The world is not a better or safer place because Osama bin Laden is gone from it. Nothing has changed. Violence has created violence, which has created violence, in an endless chain whose origin is insignificant. What matters is what we do now. That is always what matters. Shall we hate those who hate us or shall we love them? If we hate those who hate, what is the difference between us and them? Shall we love only those who deserve it? Who look like us? Who believe like us? If we love those who, like us, are born and will die; who, like us, cry when they are frightened; who, like us, lash out in pain when they feel powerless, who would we not love?
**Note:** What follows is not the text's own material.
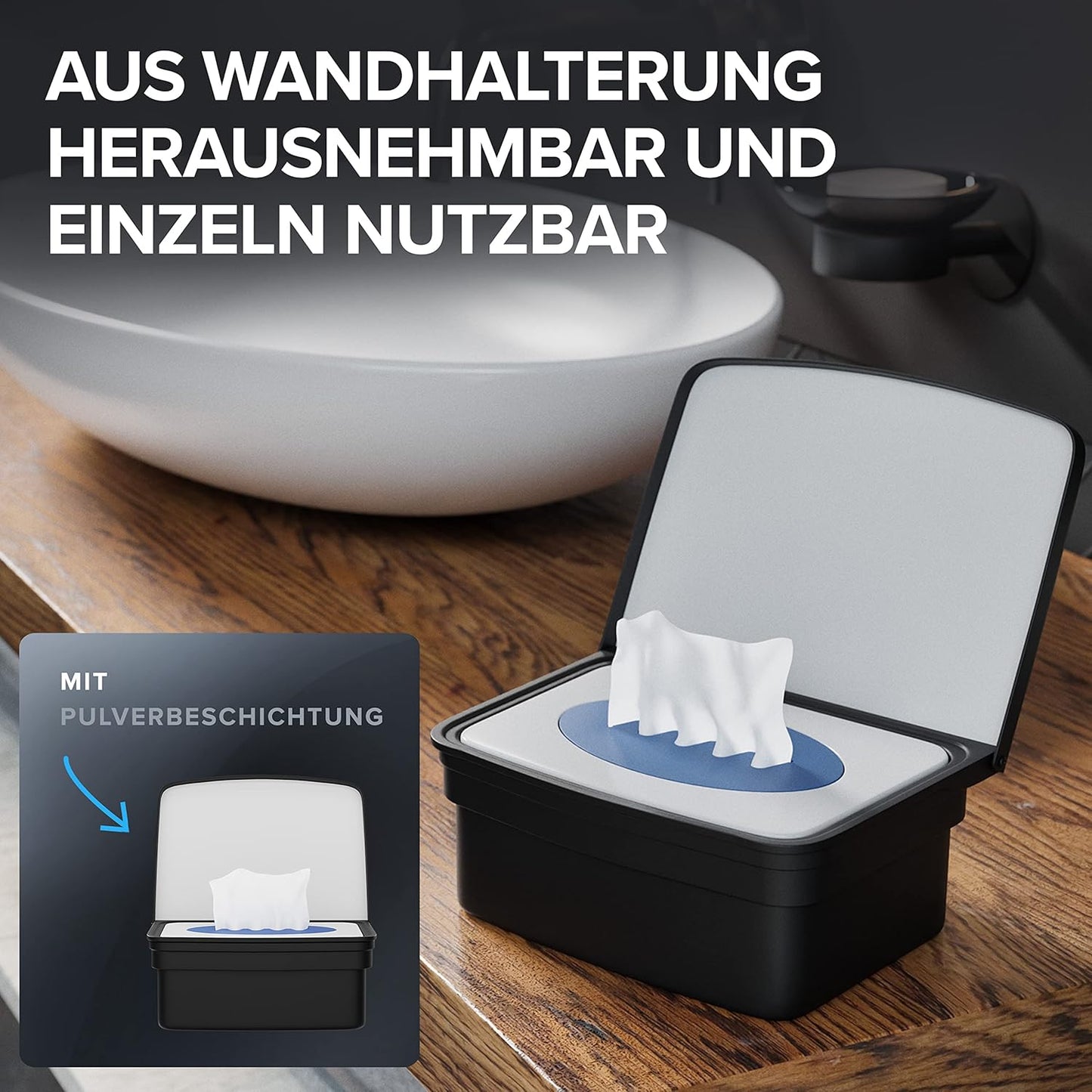 Feuchttücherbox mit Deckel, Schwarz Zum Bohren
From the distorted perceptions of fear, forgiving the unforgivable is unforgivable. The choice between love and fear is always with us. Often we choose fear, but we do not need to. Unchallenged fear of the pain of powerlessness, of the pain of humiliation, of the pain of loss moves us forward and we create more violence and the chain grows. Forgiveness does not mean freeing a killer or ignoring a bully. It means putting down the burden of your hate and relieving yourself of the pain it creates in you. Bin Laden is dead but you are alive. Who is suffering from the pain of your hatred for him now? How long will you continue? Who else are you not forgiving? Out of the past fear encircles us, emerges into the present, and from there grows into the future where our children will reflect our own fear back to us in the violence that they will do when they encounter the unforgivable. But they do not need to. They could reflect back to us a world of love if we are willing to show them a world of love now.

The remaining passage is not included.